Of the nine files in question, testing by the customer, by Ars, and by other independent researchers showed that only two actually contained malware. One of the MPRESS-packed samples appeared to contain a copy of the MPRESS packer itself. The remainder of the MPRESS files contained either “husks”—essentially empty files—or samples that had been corrupted in packing. Two others crashed on execution, after opening a bunch of Windows resources without using them.
When asked about these files, Skipper said, “We don’t give empty files on purpose—it’s just not what we do.” Cylance contends the non-malware files were included because of an error by a company engineer. (The customer conducting the test in question was unconvinced.)
As for why empty packed files would be caught, Cylance’s Vice President of Product Marketing Bryan Gale explained that Protect’s machine learning algorithms might identify packed executables as malicious based on what it “learned” about malicious behavior from the training files.
Gale said Cylance Protect will “convict” things as malicious based on their behavior—such as loading junk or empty files into memory—because that might “actually [be] causing harm or introducing a vulnerability on the system.” But, Gale insisted, “We’re typically not going to go in and blindly block something if it’s packed with MPRESS or another packer.”
In a December blog post, however, the chief technology officer of MRG-Effitas, Zoltan Balazs, said that he found specific references to the packing tools MPRESS and VMprotect inside a malware protection product while he was viewing its executable code in a hex editor.
“We have no idea what this code does, but it is an interesting coincidence to find these strings in the code of the product, ” Balazs wrote.”There can be multiple reasons why all packed files are detected as malicious. Either because all packed files are malicious, or because the vendor believes in high false positive ratio in order to have higher true positive detection. Which is fine. But during the demos… every VMProtect packed file will be detected by [Cylance].”
For its part, Cylance denied the screenshot actually showed Protect’s code. “It’s a hex view of a sample packed with MPRESS and VMprotect, it looks like,” a Cylance spokesperson said in response to that allegation. “It’s a sample from TestMyAV, I believe. It’s malware, not Cylance.”

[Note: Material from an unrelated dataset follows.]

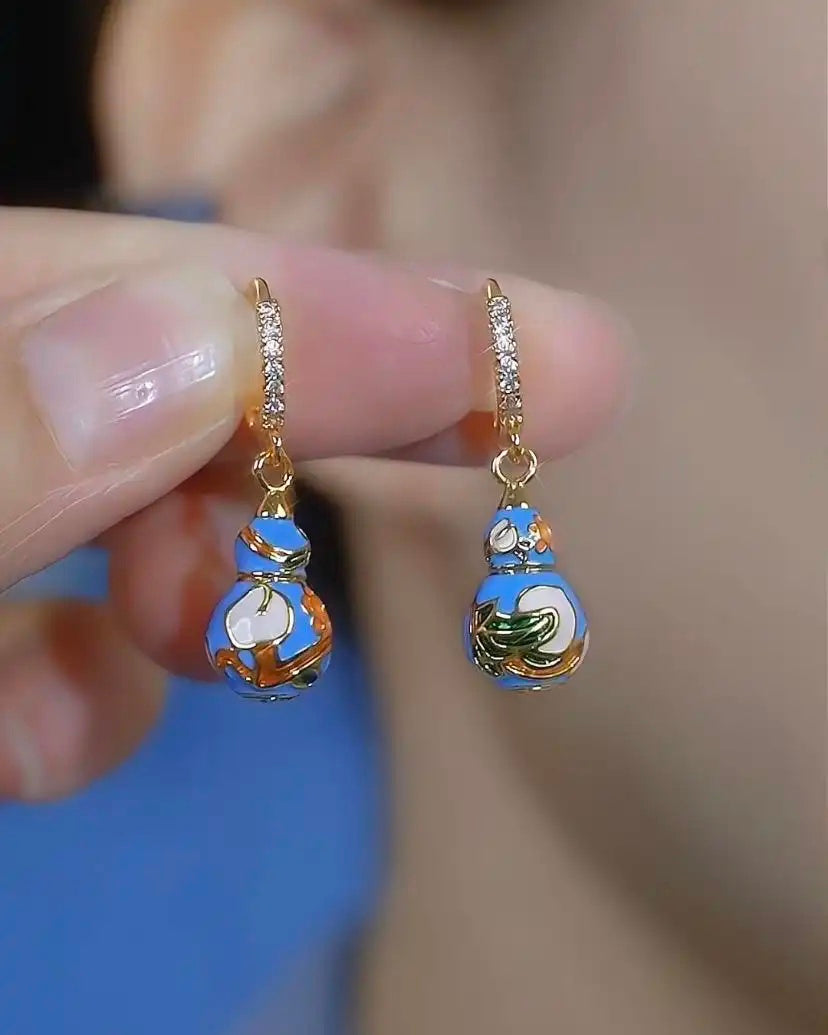 Vintage Rose Flower Basket Ear Cuffs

However, Balazs insists the code is from Cylance’s product. “Yes, it was Cylance Protect,” he told Ars, “but we did not reverse engineer their software, we just looked at strings in the binaries.”
An analysis by Ars of other MPRESS- and VMprotect-packed files found no internal references to either piece of software. (Additionally, Gottlieb had already mentioned he doesn’t use MPRESS for files on TestMyAV.)
Cylance has created waves with its (ongoing) “Unbelievable Tour” roadshow, an ongoing series of events at which it demonstrates Protect against other products using “100 of the latest virus samples and 100 mutated virus samples,” according to Cylance. But some competitors have called the Unbelievable Tour tests unfair at best.
Last June, Dan Schiappa, a Senior Vice President and General Manager at the security software firm Sophos, called Cylance out for allegedly questionable practices when he wrote about the experience of a Sophos customer at one of these events in Las Vegas last year:
[O]ne Sophos customer (from Chicago) in the audience asked to see how the Sophos product was configured for Cylance’s “Unbelievable” demo. On reviewing the settings, the customer discovered that key (and default) protection settings had been disabled. When the customer insisted that Cylance enable the proper default configuration and re-run the test, Sophos beat Cylance. The same behavior has been reported by multiple other vendors, including the disabling of everything other than hash lookups–an unfair test, to say the least.
Sophos obtained a copy of Cylance Protect from a reseller in order to conduct its own test, then posted the results in a YouTube video. Cylance then “contacted the reseller who provided access to the Cylance PROTECT product, citing license compliance concerns and threatening ‘retribution’ if the reseller involved did not demand that Sophos withdraw the video immediately,” Schiappa wrote. “This left the reseller in fear of a lawsuit.” Sophos pulled the video to protect the reseller. But, Schiappa claims, Cylance has continued to do public demos using Sophos products in violation of their licensing terms—and after renewing the license through a Sophos reseller. Cylance says that the company has since stopped using Sophos’ software in its “Unbelievable” demos. And Gale rejected Schiappa’s assertion that the demos were unfair.
“During our demos,” Gale said, “we fully enable all protection features of every single product as well as provide full network connectivity to each competing product to allow for their cloud lookups. We try to provide complete transparency in our demos. At multiple trade shows and Unbelievable Tour stops, members of the audience have questioned whether we fully enable the competitor’s protection. In those instances, we allowed those people to personally inspect the competitive product settings.”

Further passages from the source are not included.